◆ **ACTION ITEM**
Reproduce every record verbatim but drop the pictures.

———

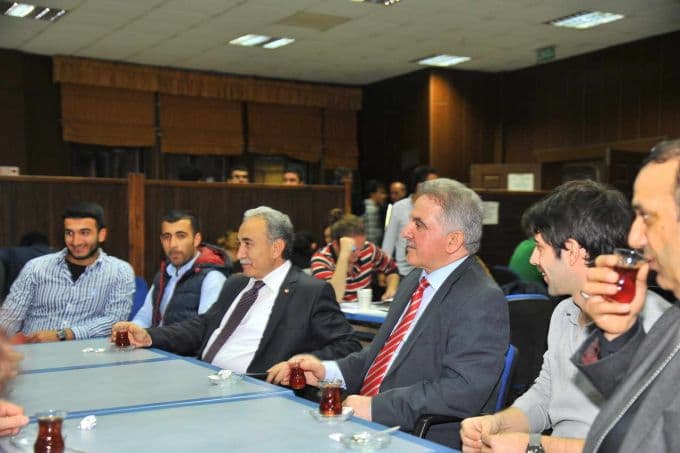Vali Büyük, SAÜ'lü öğrencilere sürpriz yaptı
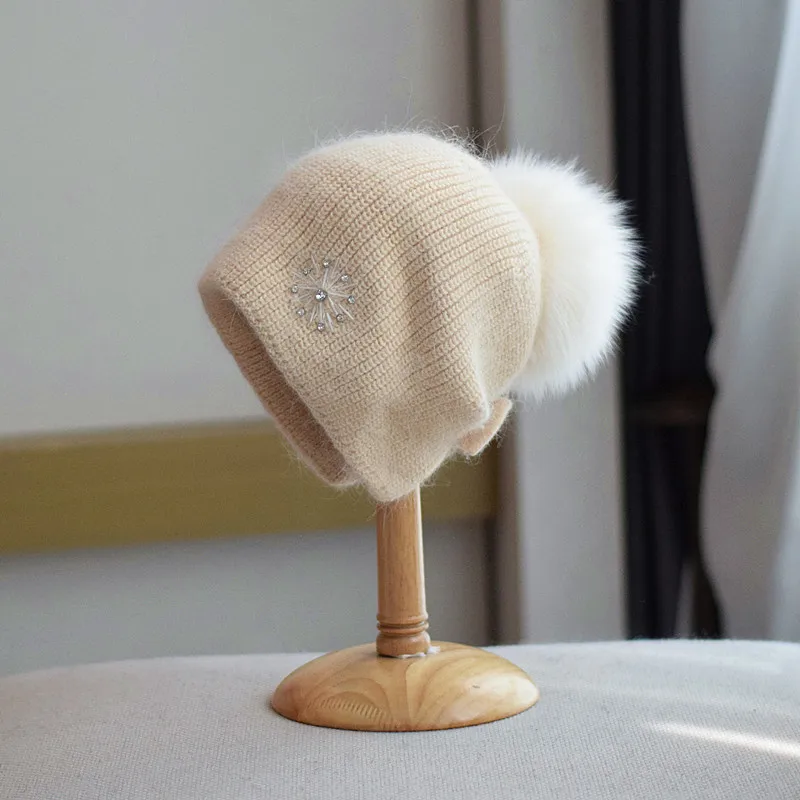 

New Point Drill Rabbit Hair Knitted Hat Female Autumn Winter fox Fur Pompom Hat Outdoor Warm Ear Protection Hat Pile Pile Hat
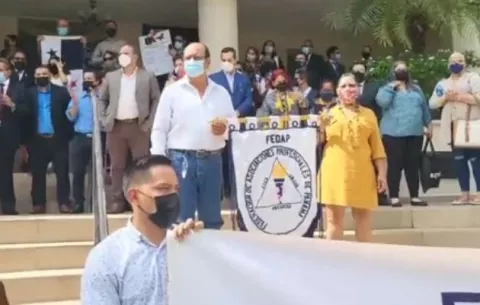 Gremios presentan demanda de inconstitucionalidad contra ley sobre facturación electrónica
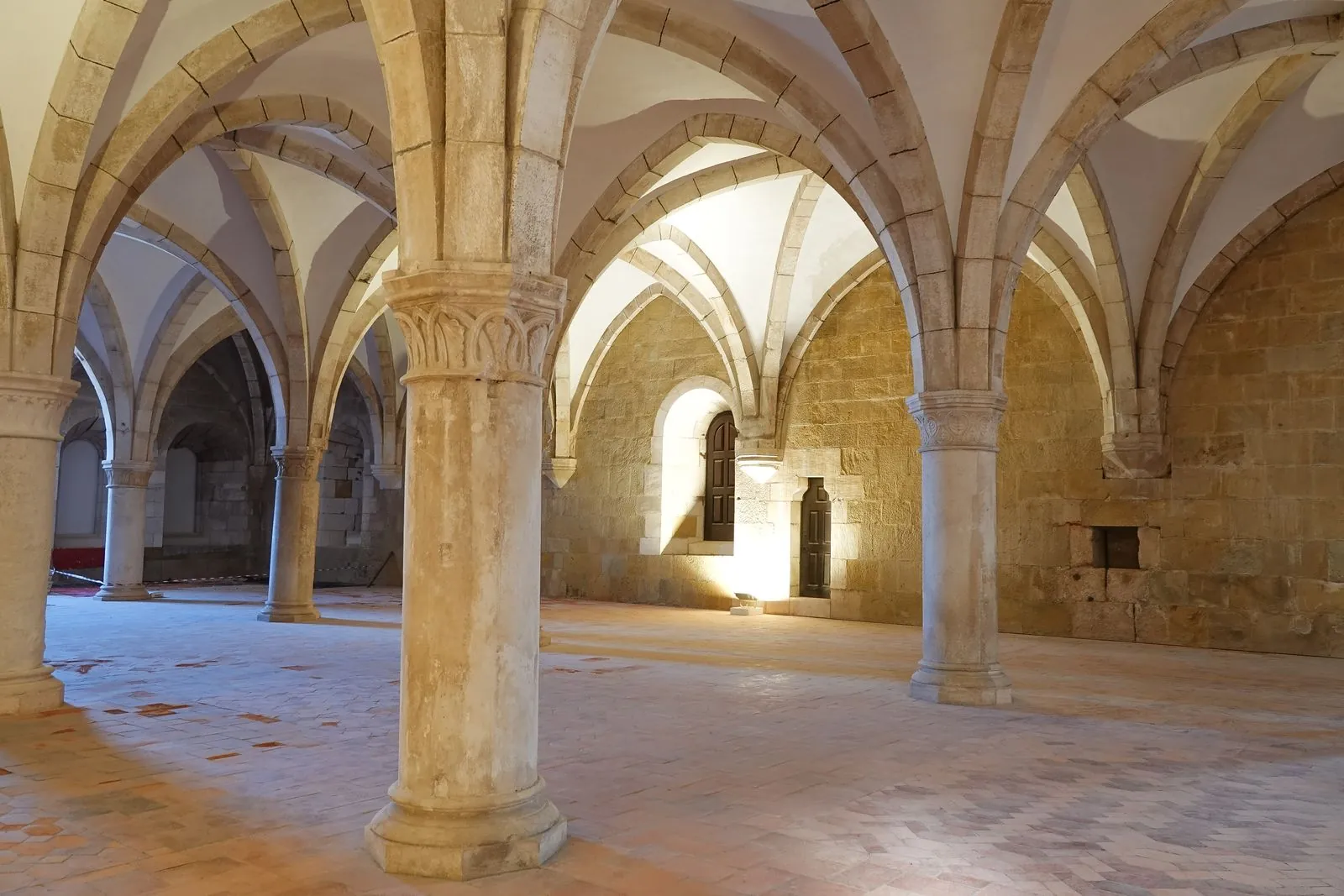 Kinderen leren over geschiedenis in het museum van Leiria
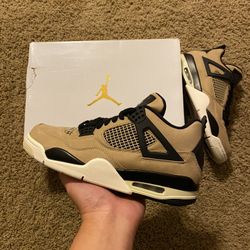 Air Jordan 4 Retro “ Fossil” Women Size 10W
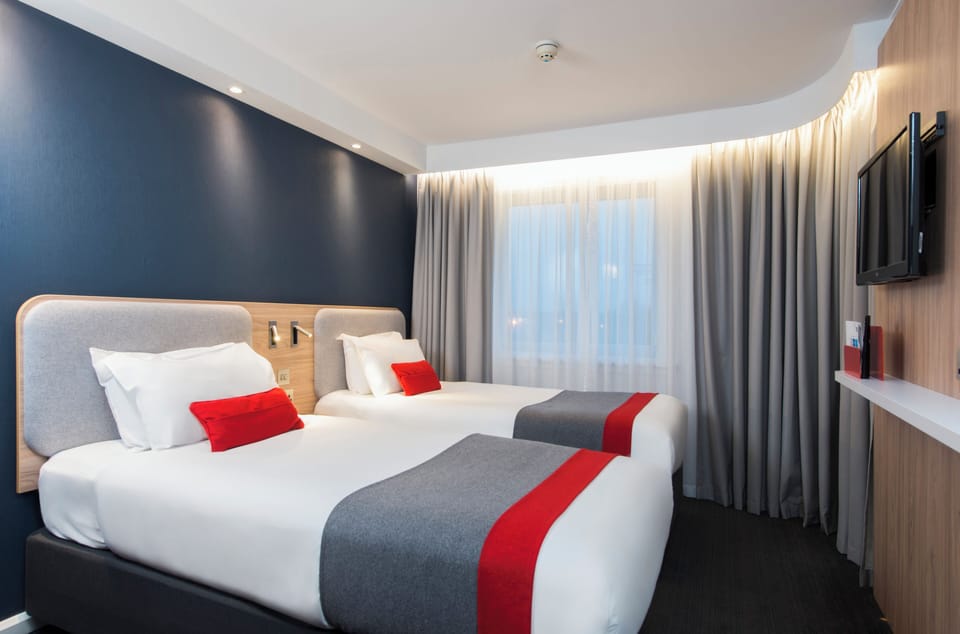 Standard Room, 2 Twin Beds (with Free Hot Breakfast) | Desk, laptop workspace, iron/ironing board, free cribs/infant beds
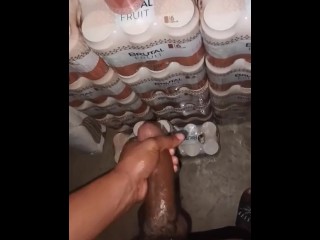 我射在果汁罐上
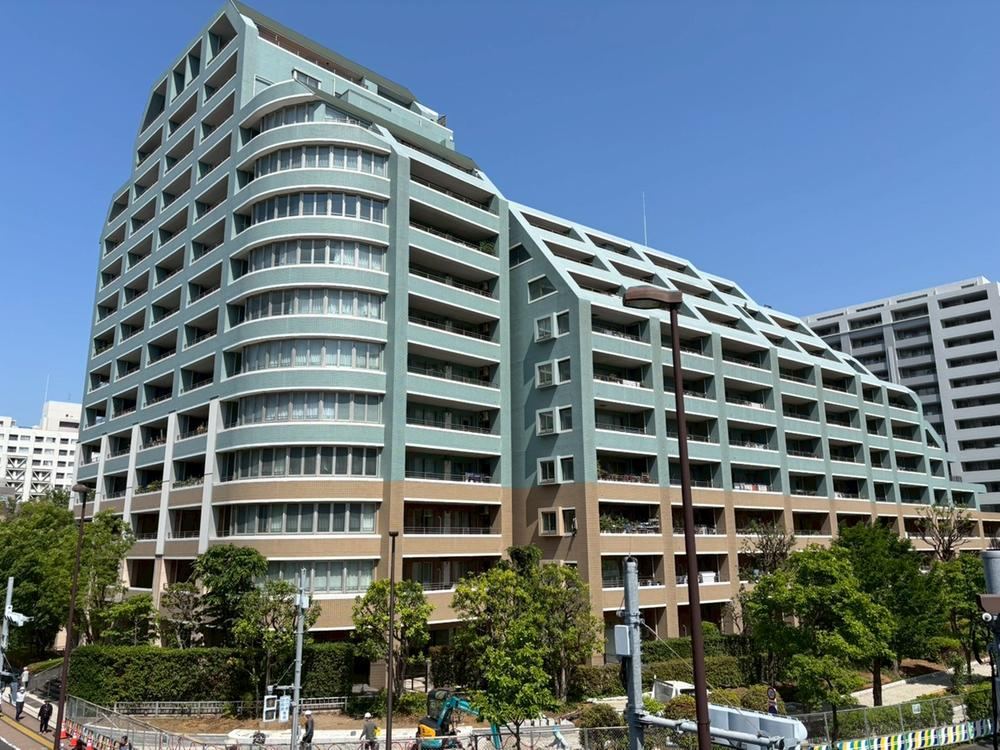 3LDK apartment in Koto Ward, Tokyo - Photo 1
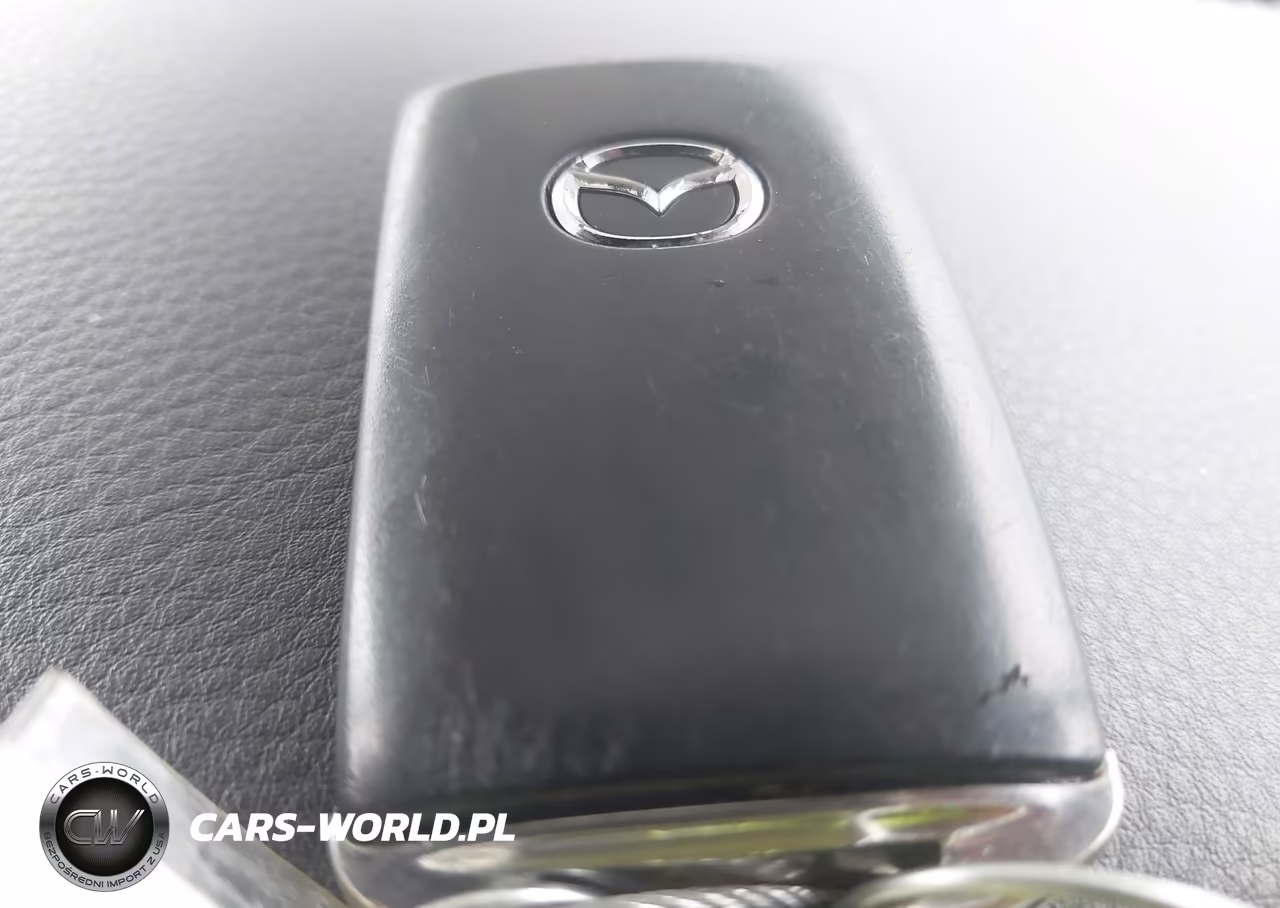 2020 Mazda Mazda3 Premium Package VIN:JM1BPAEM6L1171582 - 11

———

◆ **EXERCISE OUTPUT**
Vali Büyük, SAÜ'lü öğrencilere sürpriz yaptı

New Point Drill Rabbit Hair Knitted Hat Female Autumn Winter fox Fur Pompom Hat Outdoor Warm Ear Protection Hat Pile Pile Hat
 Gremios presentan demanda de inconstitucionalidad contra ley sobre facturación electrónica
 Kinderen leren over geschiedenis in het museum van Leiria
 Air Jordan 4 Retro “ Fossil” Women Size 10W
 Standard Room, 2 Twin Beds (with Free Hot Breakfast) | Desk, laptop workspace, iron/ironing board, free cribs/infant beds
 我射在果汁罐上
 3LDK apartment in Koto Ward, Tokyo - Photo 1
 2020 Mazda Mazda3 Premium Package VIN:JM1BPAEM6L1171582 - 11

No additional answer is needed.